Exactly as written, reproduce the lines from the beginning of the data through the line containing "What could be"; the pictures are not reproduced.
------------------------------------------------------------
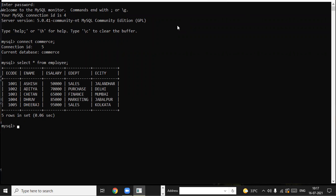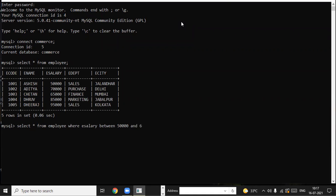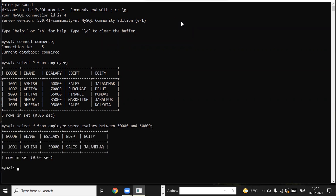We were doing the BETWEEN command. The BETWEEN command is used when we want to display records that satisfy a given range. The command is: SELECT * FROM employee WHERE e_salary BETWEEN 50000 AND 60000. There is one employee whose salary falls in the range 50,000 to 60,000, and both the values are inclusive.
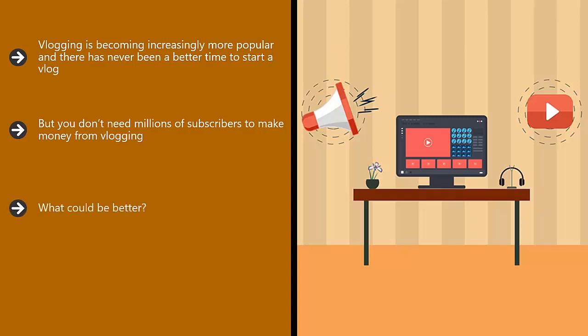What could be better? Doing something that you love and recording it to share with the world and making money at the same time. This is more than a dream. It can be your reality if you follow the advice provided in this training.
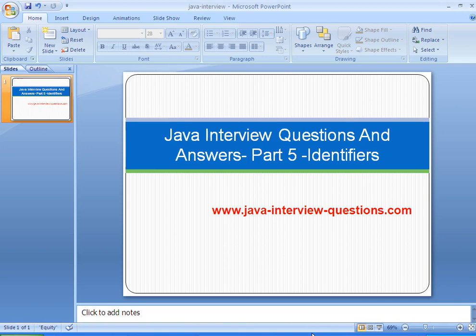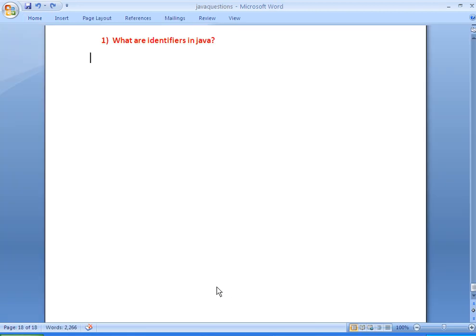Hi, welcome to Java interview questions and answers. Today we will see one important interview question on identifiers: what are identifiers and what are the rules we need to follow for defining identifiers. Identifiers are names given to basic programming elements like variables, methods, functions, etc.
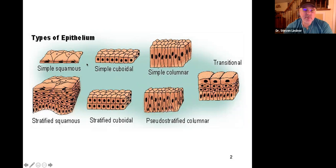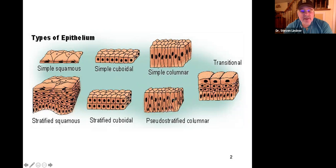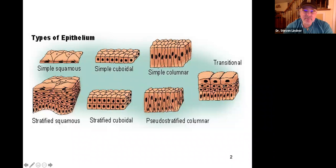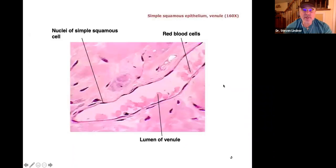You can have simple squamous, simple cuboidal, or simple columnar, or stratified squamous, stratified cuboidal. Remember, stratified columnar is typically pseudo-stratified — it looks stratified when it's really not. And then we have transitional epithelium, which is found around organs that can get bigger or smaller.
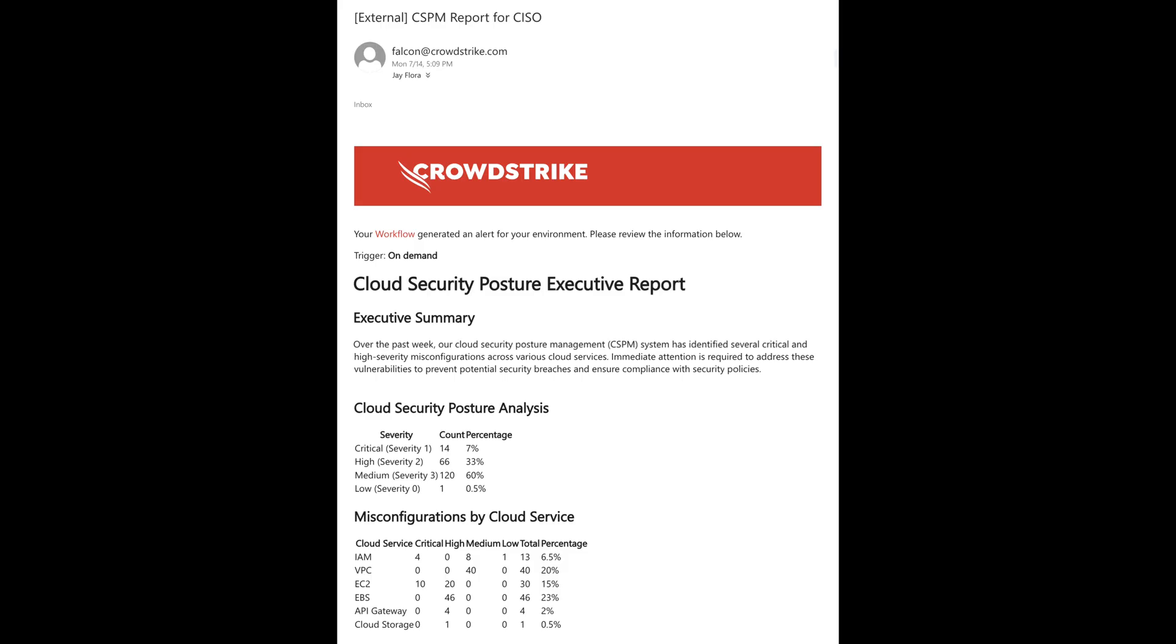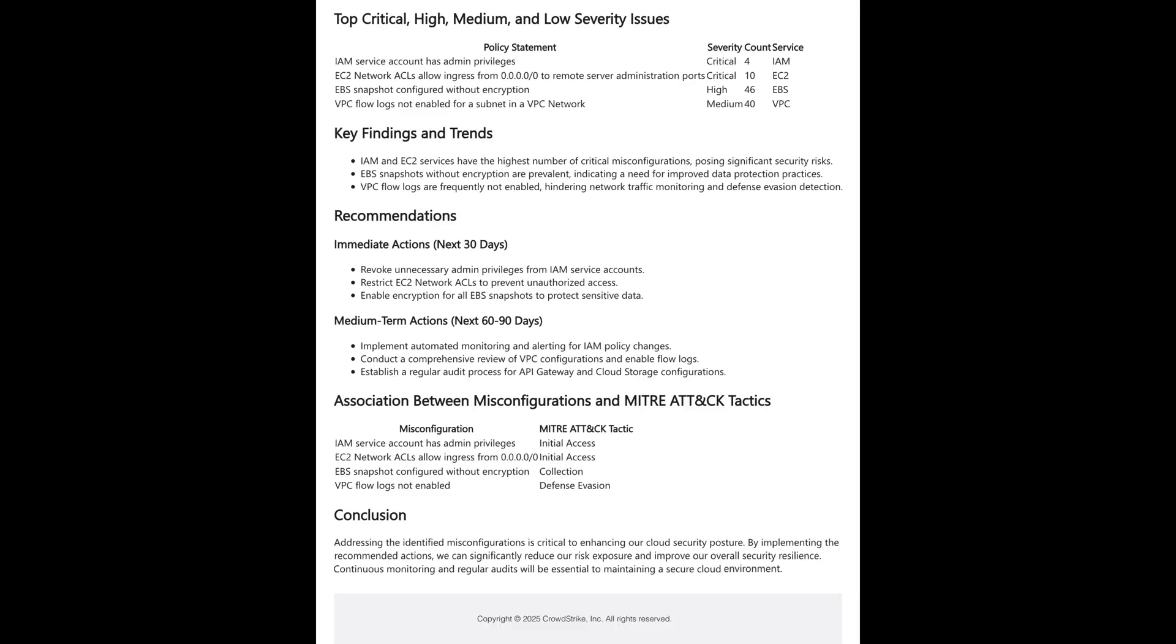Once the workflow completes, Charlotte AI delivers an automated email, transforming raw misconfiguration signals into a structured executive view that highlights the clearest paths forward to reduce risk.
------------------------------------------------------------
OUTPUT OF THE EXERCISE
We were doing the BETWEEN command. The BETWEEN command is used when we want to display records that satisfy a given range. The command is: SELECT * FROM employee WHERE e_salary BETWEEN 50000 AND 60000. There is one employee whose salary falls in the range 50,000 to 60,000, and both the values are inclusive.
What could be better? Doing something that you love and recording it to share with the world and making money at the same time. This is more than a dream. It can be your reality if you follow the advice provided in this training.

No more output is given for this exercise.